From childhood he had a fondness for music and became an accomplished pianist and violinist. As a vocalist, he sang with The Bach Choir of London for many years and would later serve as its president. While in his teens, he joined the Royal Navy, serving for two years. He went to work at Kuhn, Loeb & Co., as well as at Morgan Stanley and Glyn, Mills & Co. before becoming a partner at his family's N M Rothschild & Sons in 1956.

While he had a long and successful career in banking, his love of music and the arts played an important role in his life.
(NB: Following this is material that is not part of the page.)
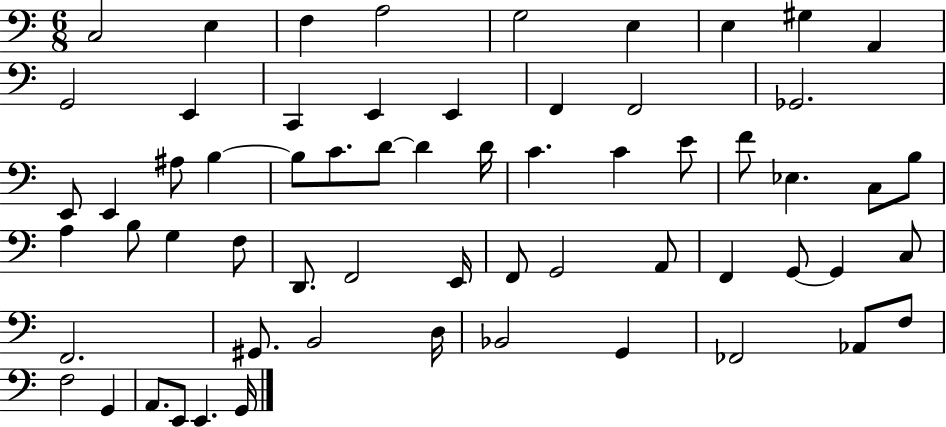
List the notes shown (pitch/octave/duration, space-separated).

C3/h E3/q F3/q A3/h G3/h E3/q E3/q G#3/q A2/q G2/h E2/q C2/q E2/q E2/q F2/q F2/h Gb2/h. E2/e E2/q A#3/e B3/q B3/e C4/e. D4/e D4/q D4/s C4/q. C4/q E4/e F4/e Eb3/q. C3/e B3/e A3/q B3/e G3/q F3/e D2/e. F2/h E2/s F2/e G2/h A2/e F2/q G2/e G2/q C3/e F2/h. G#2/e. B2/h D3/s Bb2/h G2/q FES2/h Ab2/e F3/e F3/h G2/q A2/e. E2/e E2/q. G2/s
He was an honorary member of the Incorporated Society of Musicians, among his many involvements, Leopold de Rothschild served as:

- Music Advisory Committee of the British Council — Chairman
- English Chamber Orchestra — President
- Glyndebourne Arts Trust — Trustee
- Jewish Music Institute, School of Oriental and African Studies (SOAS), University of London — Co-president
- Royal College of Music — Council Chairman and Independent adviser
- Voices Foundation — founding member, and a member of the Consultative Council
- Countess of Munster Musical Trust — Chairman
- Wendover Choral Society; President from May 2009
- Trustee of the National Museum of Science and Industry [Science Museum], London and the National Railway Museum, York
- Tring Park School for the Performing Arts — President
- Member of the Court of the Bank of England

Among his philanthropic works, through his "Leopold de Rothschild Charitable Trust" he contributed to numerous charities, including the St John's Hospice for the terminally ill. In addition, his Charitable Trust provides support to the London Symphony Orchestra, the London Sinfonietta, the Rambert Dance Company, and provides scholarships for students to study at the Royal College of Music of which he was a Fellow (FRCM) and past Council Chairman.